Most of us are somewhere along the journey of coming out. We know, to the marrow of our souls, that coming out is probably the experience most central to our lives because it is about our core identity. To acknowledge who we are, it is imperative for us to come out, because we are born invisible even to ourselves. We are born with a hidden identity and then raised and nurtured by people who deny -- and sometimes express hostility to -- our very existence. In no other minority do the members have this particular and peculiar experience of invisibility within their own birth families. When we discover and reveal who we are, these families may even reject us. The greatest punishment a culture can inflict on its members -- the punishment of ostracism, of banishment from the tribe -- is reserved for us alone. When we come out of the closet and acknowledge who we are, we risk becoming exiles from our own homes, banished in our own homeland.

Carrying with it both the exhilaration of newfound freedom and the fear of ostracism, the coming-out experience is weighted with enormous meaning to gay people. It is, in fact, a central and unifying event that bridges even great differences among us. Telling our coming-out stories -- the funny stories of sudden and amazed self-recognition, the stories of apprehension and tough decisions, the joys of finding intimacy and love beyond words, the sweet and sour reactions of those we care about -- is a unique bonding experience, a cultural folk ritual that transcends class, culture, age, race, and gender differences. The following happens every day in a hundred cities: two gay people of whatever cultural background run into each other at the laundry, the library, or the post office. One recognizes that the other is gay and strikes up a conversation. The first most likely question? "When did you come out?" The subsequent conversation, told in brief, coded paragraphs, may extend to coffee or lunch, creating a unique connection, often a memorable moment, and sometimes even a lifelong friendship.

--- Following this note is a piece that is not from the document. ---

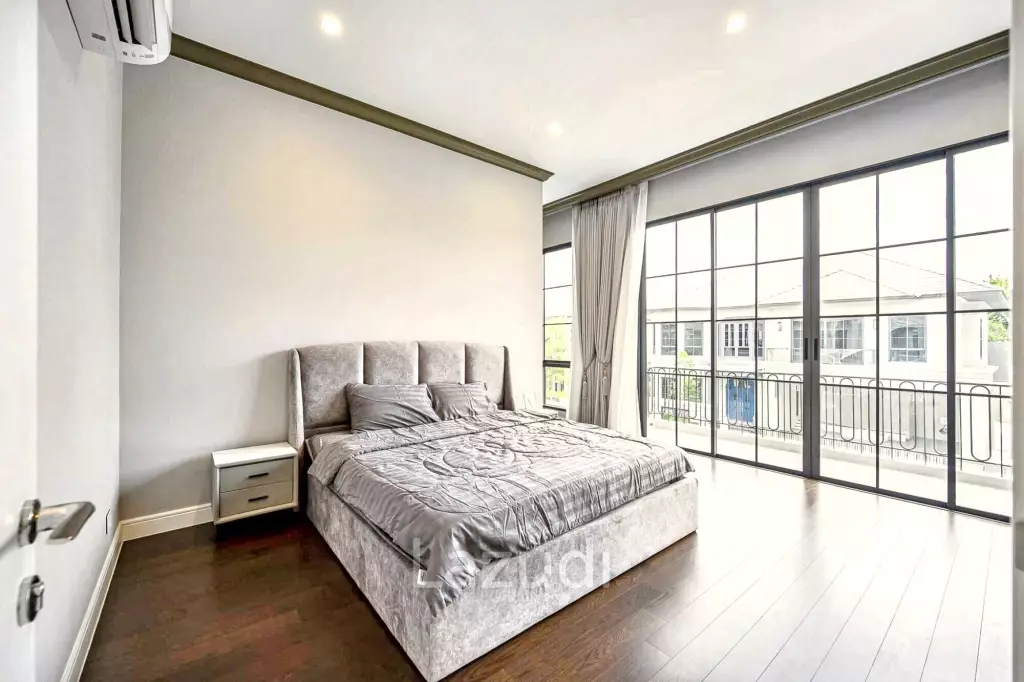 5 Bed 6 Bath 687 SQ.M Narasiri Krungthep Kreetha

On a first date, at dinner parties, in college dorm rooms, at rap groups, in virtually every social situation where gay people find each other or get to know each other, our coming-out story is the ice-breaker, the common experience that unites us. We even celebrate National Coming Out Day every October 11 (commemorating our second March on Washington, in 1987) as an annual grassroots event, a ritualized remembrance of this most central aspect of our lives. On NCOD, I have attended "coming-out-speak-outs" at which I was mesmerized for hours by the coming-out stories of gays and lesbians from every corner of life.

A trip to a gay bookstore anywhere in America will attest to the centrality of the coming-out experience. The shelves are lined with handbooks and how-tos galore on coming out to ourselves, our friends, our families, along with multiple volumes of first-person testimonies. My local gay and lesbian bookstore, Lambda Rising, in Washington, D.C. carries a line of greeting cards to congratulate friends on the occasion of their coming out to parents or co-workers. We seem never to tire of the staggering varieties on this common theme; it is a staple of our growing body of fiction, film, and art. There is even an unauthorized but commonly used Anglican ceremonial blessing specifically designed to celebrate coming out.

Coming out, however, is not a single fixed act. It is a dynamic, recurrent and complex process: a personal, psychological, and inevitably, political process that continues throughout our lifetimes. There may be months or years between steps, but once we begin the process of coming out to ourselves, we begin a brave journey of continuous unfoldings. And none of us is ever alone in the process. New generations are constantly coming out to themselves and to others for the first time. Others are moving on to their next steps in the process.

And it all begins with each individual's brave first step of self-awareness and self-acknowledgment.